Your objective
Take the lines from the head of the listing through the one bearing "Temp. 850 hPa ECMWFTS Su 28.04.2024 06 UTC" and copy them exactly, leaving every picture out.

Data for this task
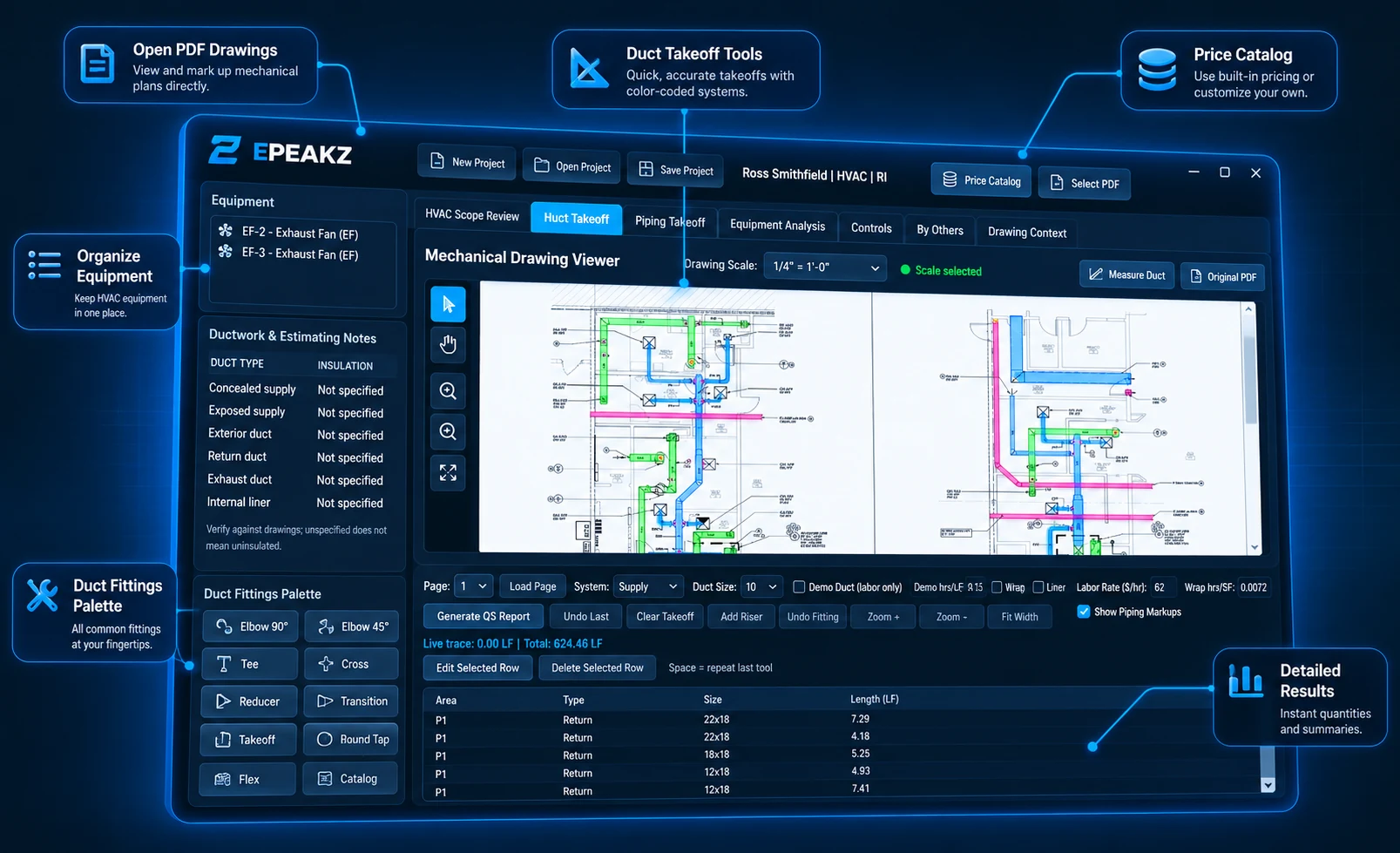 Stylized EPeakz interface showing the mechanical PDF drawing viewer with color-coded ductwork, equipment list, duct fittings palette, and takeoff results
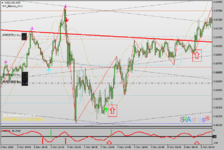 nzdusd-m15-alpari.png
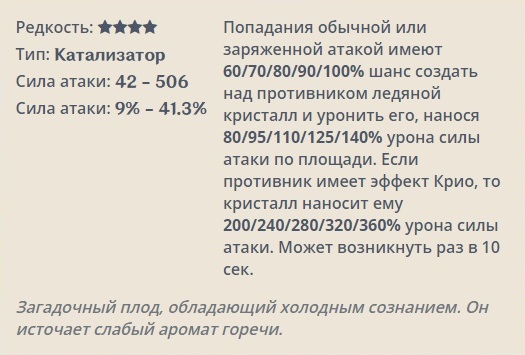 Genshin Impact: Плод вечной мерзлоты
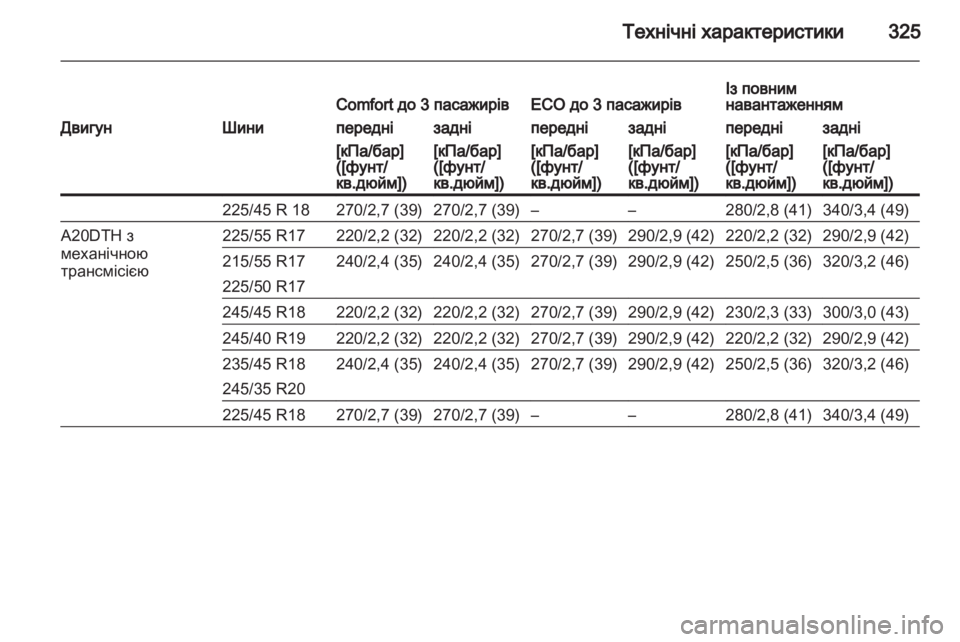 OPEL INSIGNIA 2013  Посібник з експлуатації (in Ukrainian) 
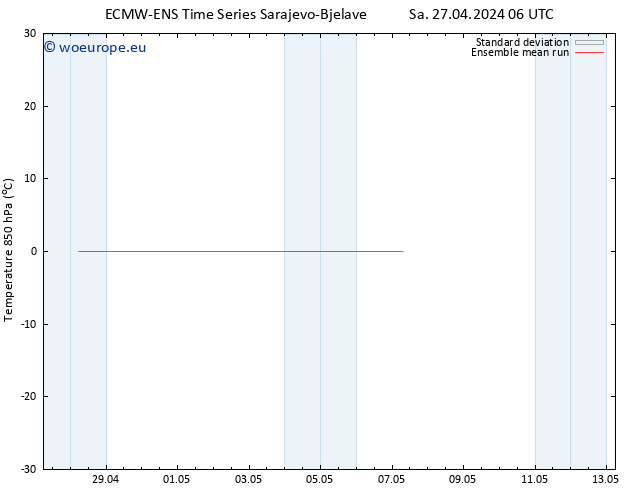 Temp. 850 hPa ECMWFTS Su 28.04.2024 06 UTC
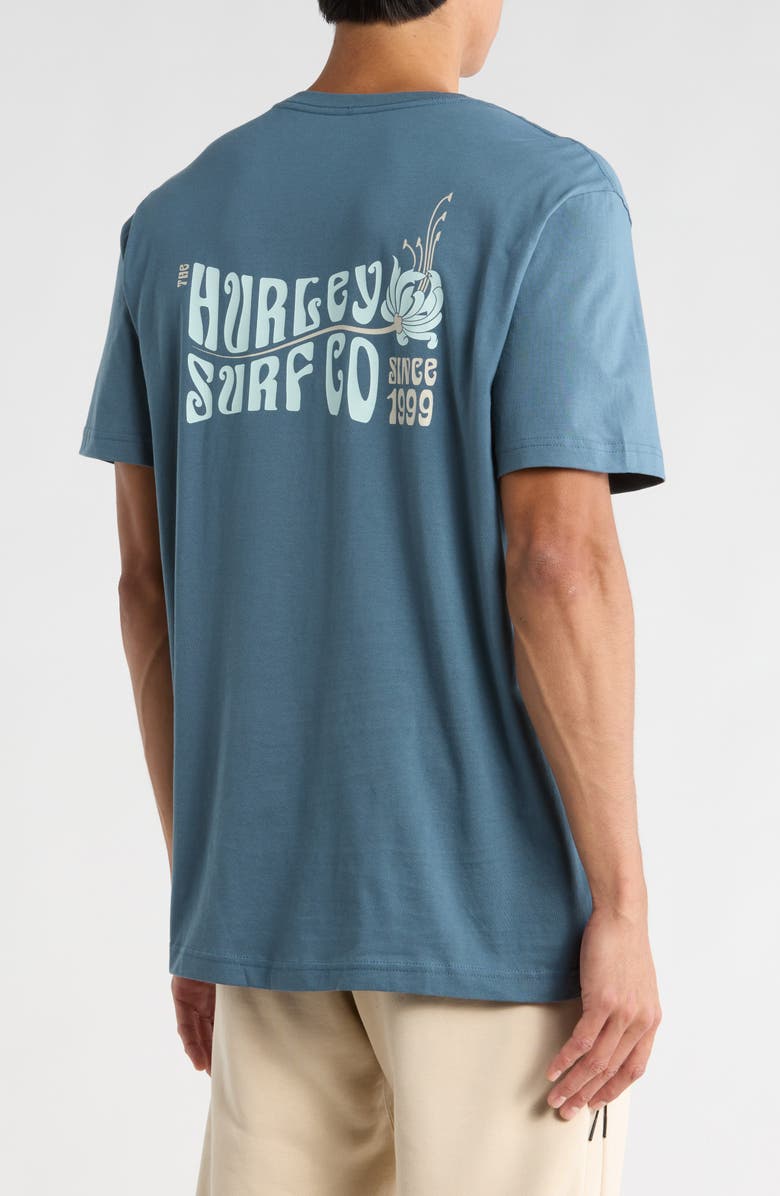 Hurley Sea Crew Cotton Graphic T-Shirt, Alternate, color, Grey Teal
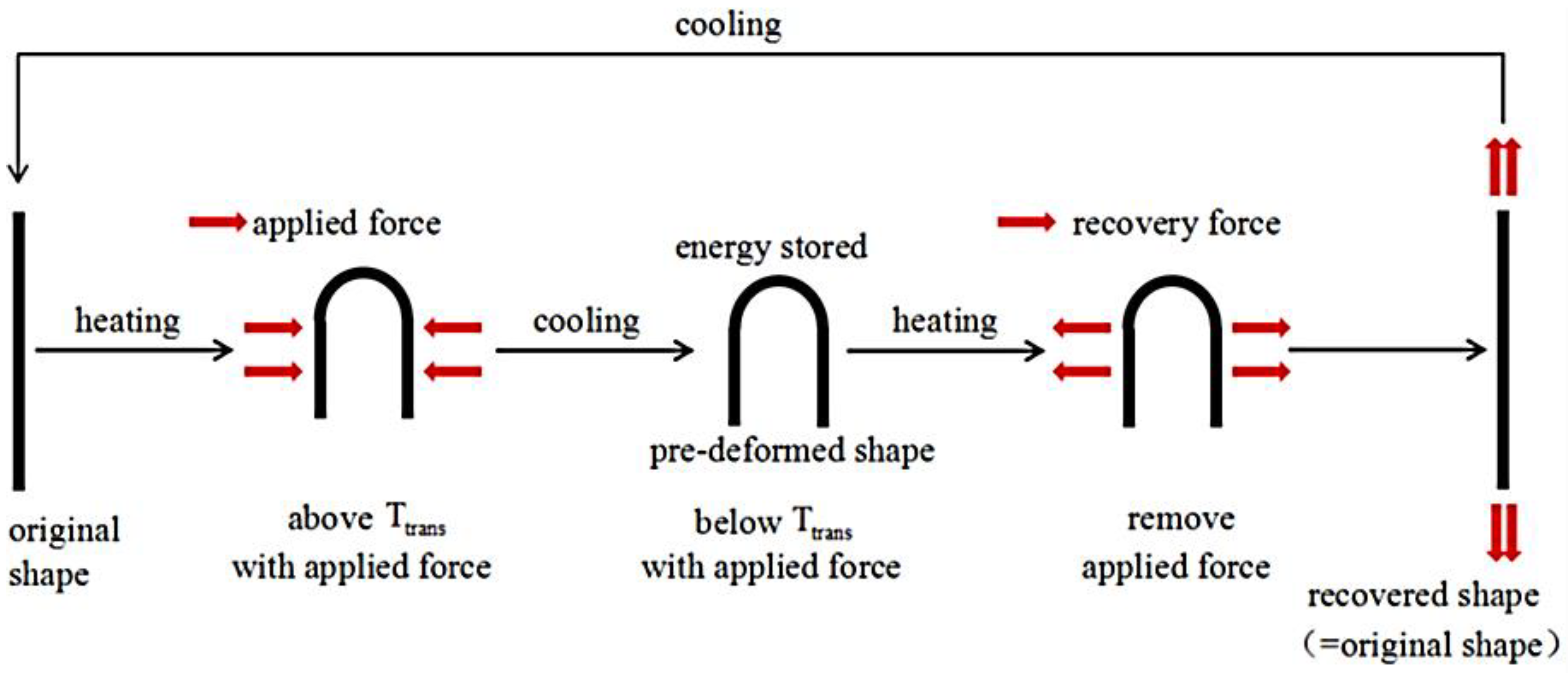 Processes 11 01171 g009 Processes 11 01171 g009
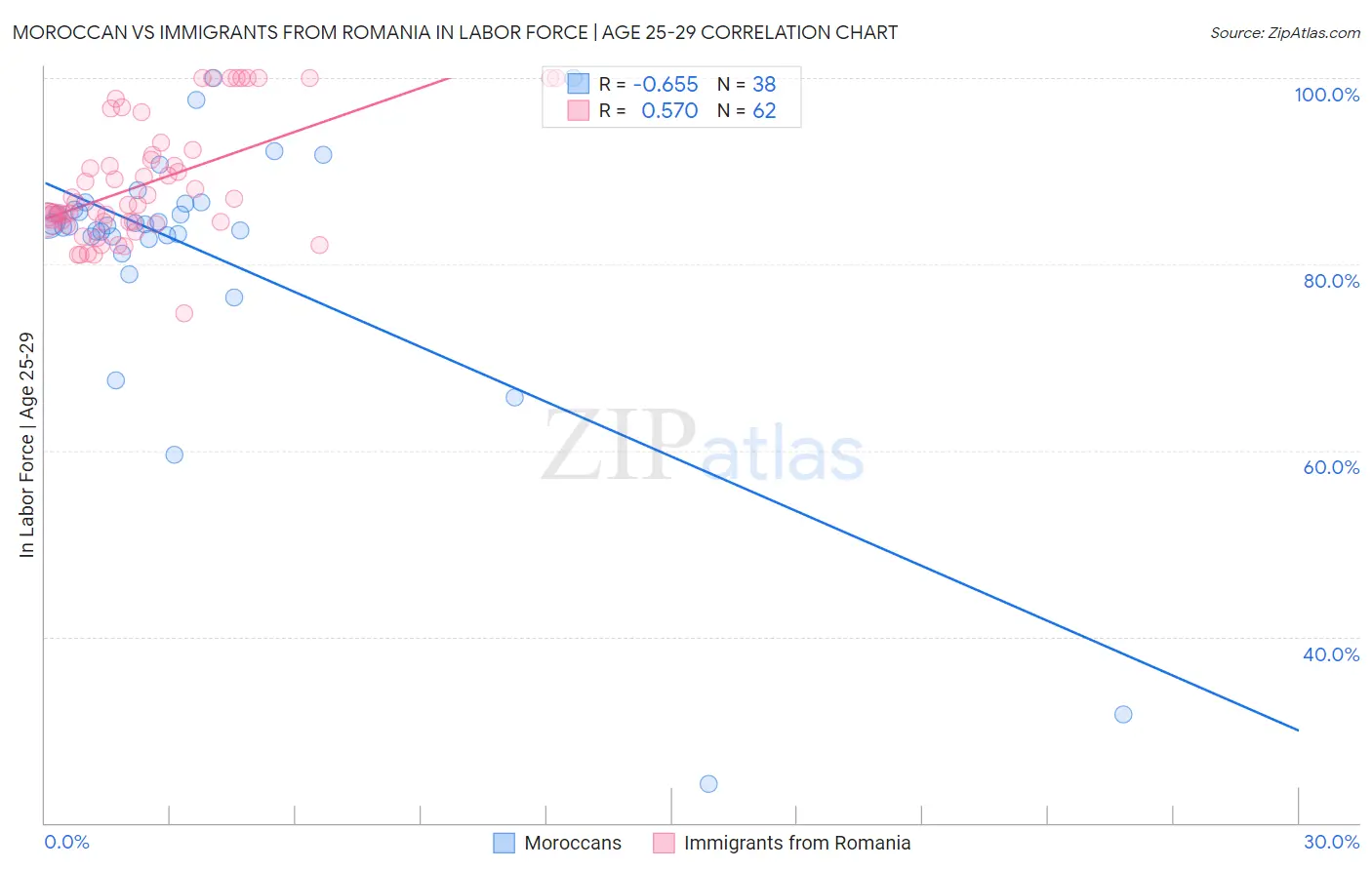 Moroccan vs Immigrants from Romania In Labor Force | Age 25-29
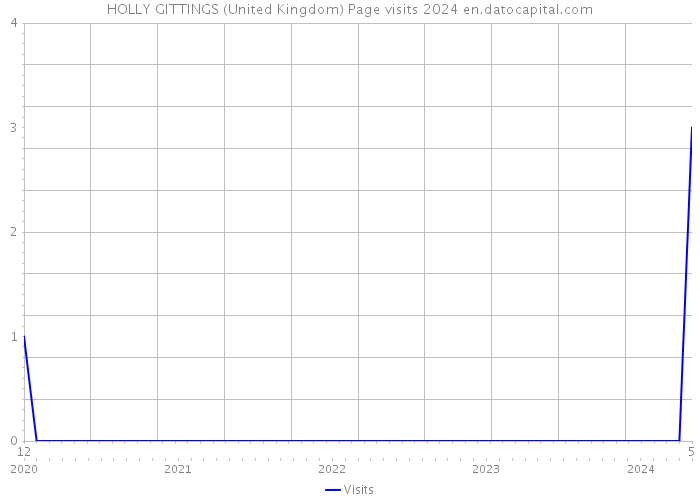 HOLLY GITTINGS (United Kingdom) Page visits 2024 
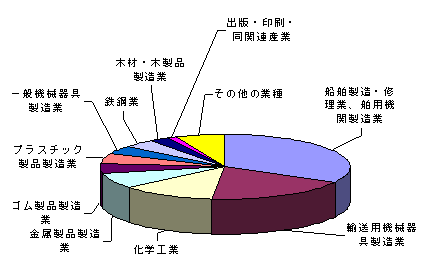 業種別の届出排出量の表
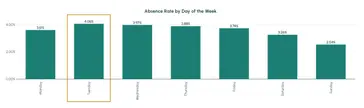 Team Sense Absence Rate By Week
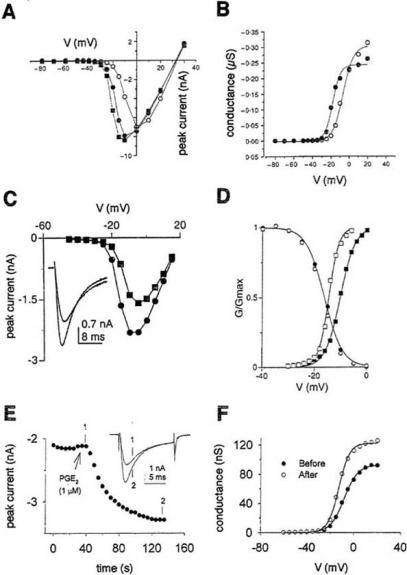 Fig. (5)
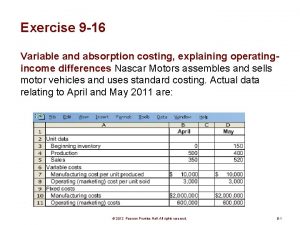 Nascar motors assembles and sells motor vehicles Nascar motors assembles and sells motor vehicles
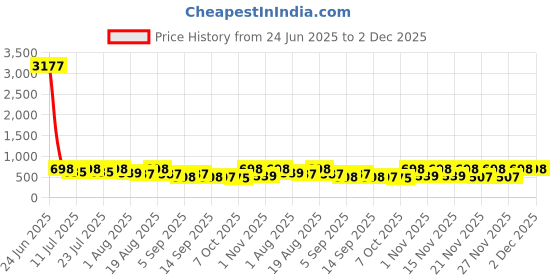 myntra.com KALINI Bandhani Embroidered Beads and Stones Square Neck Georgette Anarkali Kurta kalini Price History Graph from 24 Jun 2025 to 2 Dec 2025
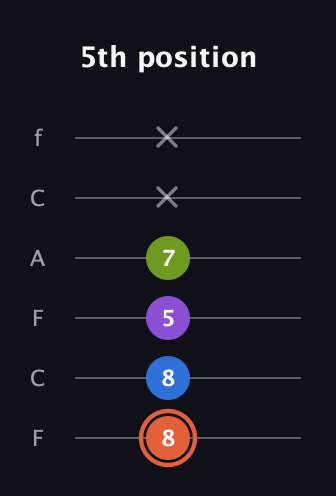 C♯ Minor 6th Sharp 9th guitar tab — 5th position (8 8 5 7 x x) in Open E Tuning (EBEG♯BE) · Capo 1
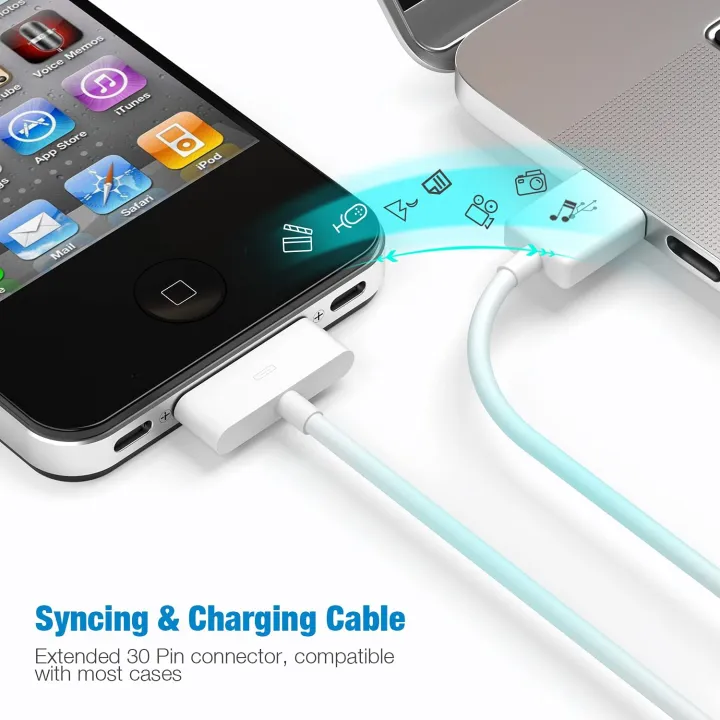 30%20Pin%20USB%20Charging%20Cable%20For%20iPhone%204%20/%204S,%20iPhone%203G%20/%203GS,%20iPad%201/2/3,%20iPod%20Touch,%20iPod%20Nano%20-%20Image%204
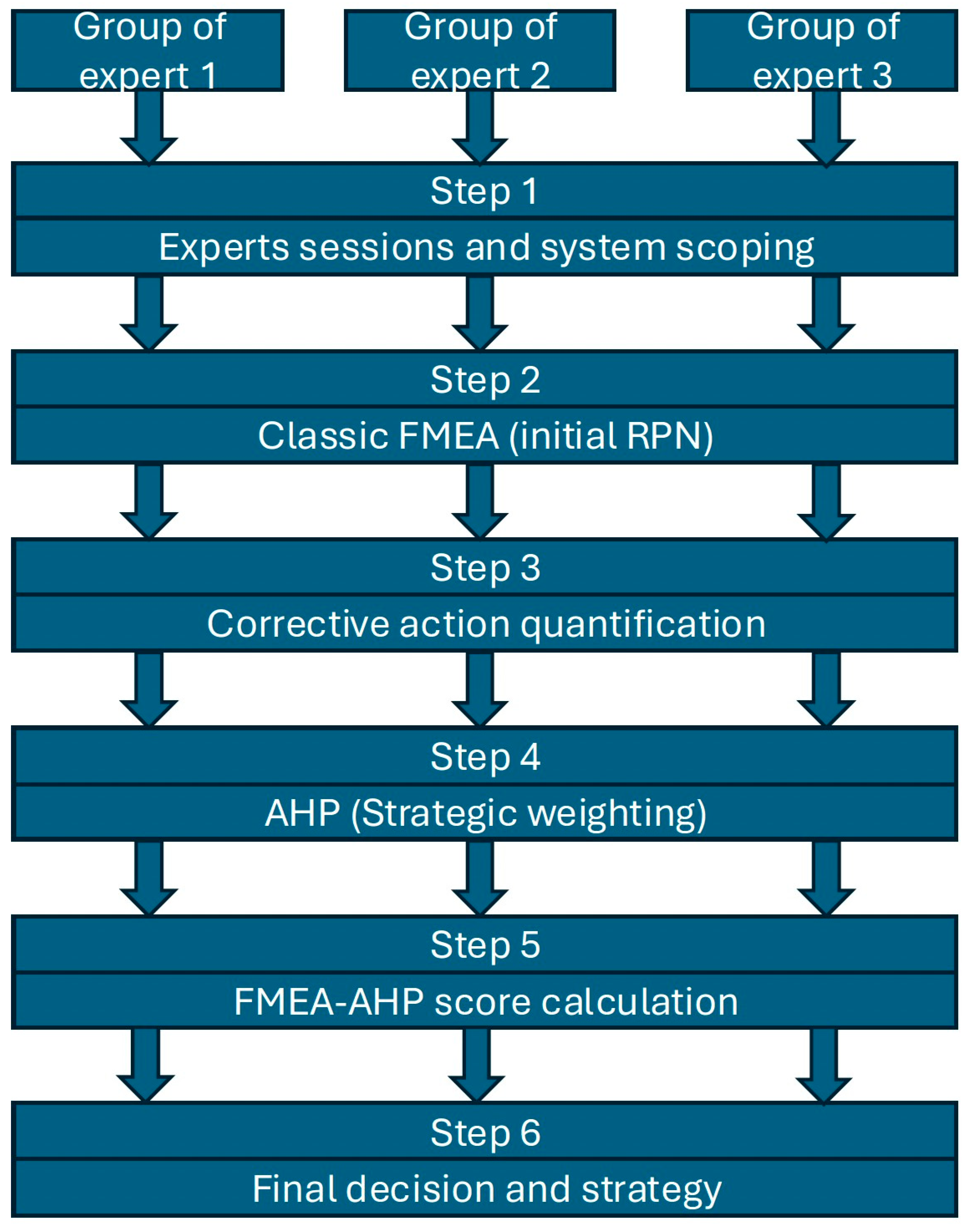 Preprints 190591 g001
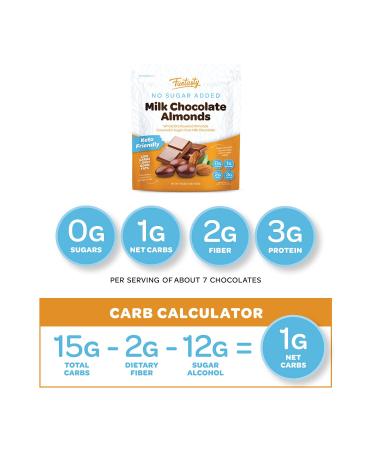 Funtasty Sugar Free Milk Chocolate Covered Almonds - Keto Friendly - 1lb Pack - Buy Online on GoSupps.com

Task solution
 Stylized EPeakz interface showing the mechanical PDF drawing viewer with color-coded ductwork, equipment list, duct fittings palette, and takeoff results
 nzdusd-m15-alpari.png
 Genshin Impact: Плод вечной мерзлоты
 OPEL INSIGNIA 2013  Посібник з експлуатації (in Ukrainian) 
 Temp. 850 hPa ECMWFTS Su 28.04.2024 06 UTC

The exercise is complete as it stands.